Viewed by many as simply the institutional reflection of King's individual role as the civil rights movement's principal symbolic leader, the SCLC in fact served a somewhat larger function. First, beginning in the late 1950s, the SCLC drew together southern ministers who believed that the black church had a responsibility to act in the political arena and who sought an organizational vehicle for coordinating their activism. Second, in the years after 1961, when SCLC possessed a significant full-time staff, the organization pulled together important protest campaigns in Birmingham (1963) and Selma, Alabama (1965). These campaigns brought the southern struggle to the forefront of national attention and helped win passage of the landmark Civil Rights Act of 1964 and the Voting Rights Act of 1965. Third, between 1965 and 1968 the SCLC provided the means by which King extended his own national agenda for economic change to include protest campaigns in northern cities such as Chicago (1966) and Cleveland (1967), as well as supplying the institutional basis for the Poor People's Campaign of 1968.

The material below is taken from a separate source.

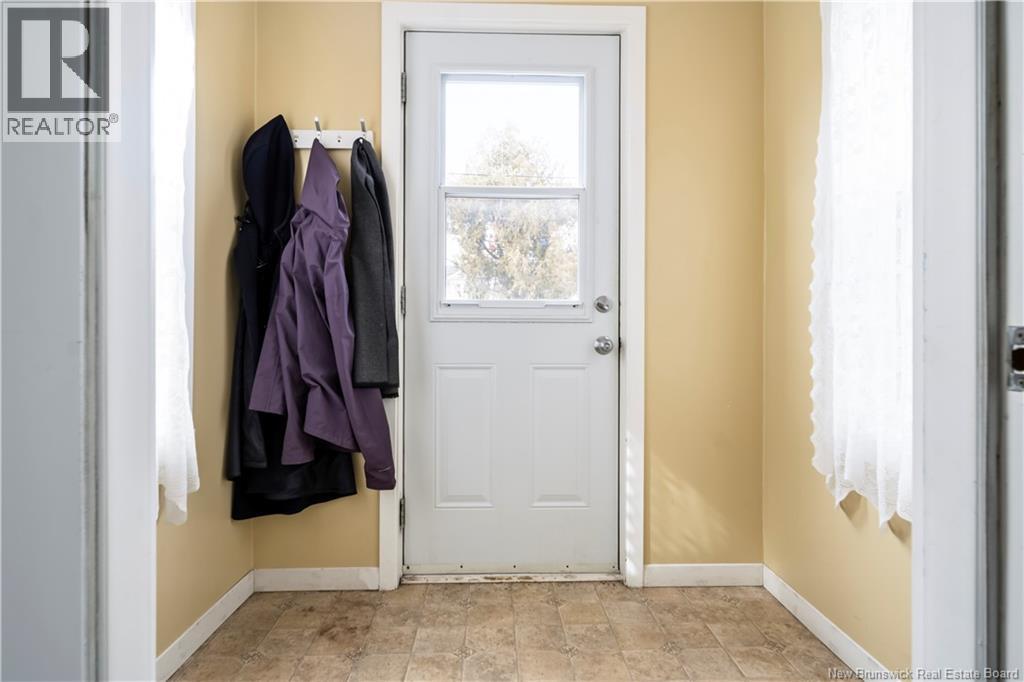 163 North Street, Moncton, New Brunswick  E1C 5X9 - Photo 3 - NB136421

Three principal influences shaped SCLC's founding. The first was the Montgomery, Alabama, bus boycott of 1955 and 1956, a successful local protest effort that brought King to national attention and made him the symbol of new black activism in the South. Second, young ministers in other cities seeking to emulate the Montgomery example launched bus protests in southern cities such as Birmingham, Tallahassee, New Orleans, and Atlanta, and sought a forum for exchanging ideas and experiences. Third, New York–based civil rights activists Bayard Rustin, Ella Baker, and Stanley Levison, who already had helped garner northern funds and publicity for the Montgomery protest, began advocating the formation of a region-wide organization in the South that could spread the influence of Montgomery's mass movement and provide King a larger platform.
Initially labeled the "Southern Negro Leaders Conference on Transportation and Nonviolent Integration" by King and Rustin, the conference met three times in 1957 before finally adopting Southern Christian Leadership Conference as its actual name. Seeking to avoid competition and conflict with the NAACP, SCLC chose to be composed not of individual members but of local organization "affiliates," such as civic leagues, ministerial alliances, and individual churches. Looking for a goal beyond that of desegregating city bus lines, King and the other ministers leading the conference (C. K. Steele of Tallahassee, Fred L. Shuttlesworth of Birmingham, Joseph E. Lowery of Mobile, and Ralph D. Abernathy of Montgomery) focused on the right to vote and sought to develop a program, staff, and financial resources with which to pursue it. Until 1960, however, their efforts largely floundered, in part because of other demands upon King's time and energy, but also because of personnel problems and relatively meager finances.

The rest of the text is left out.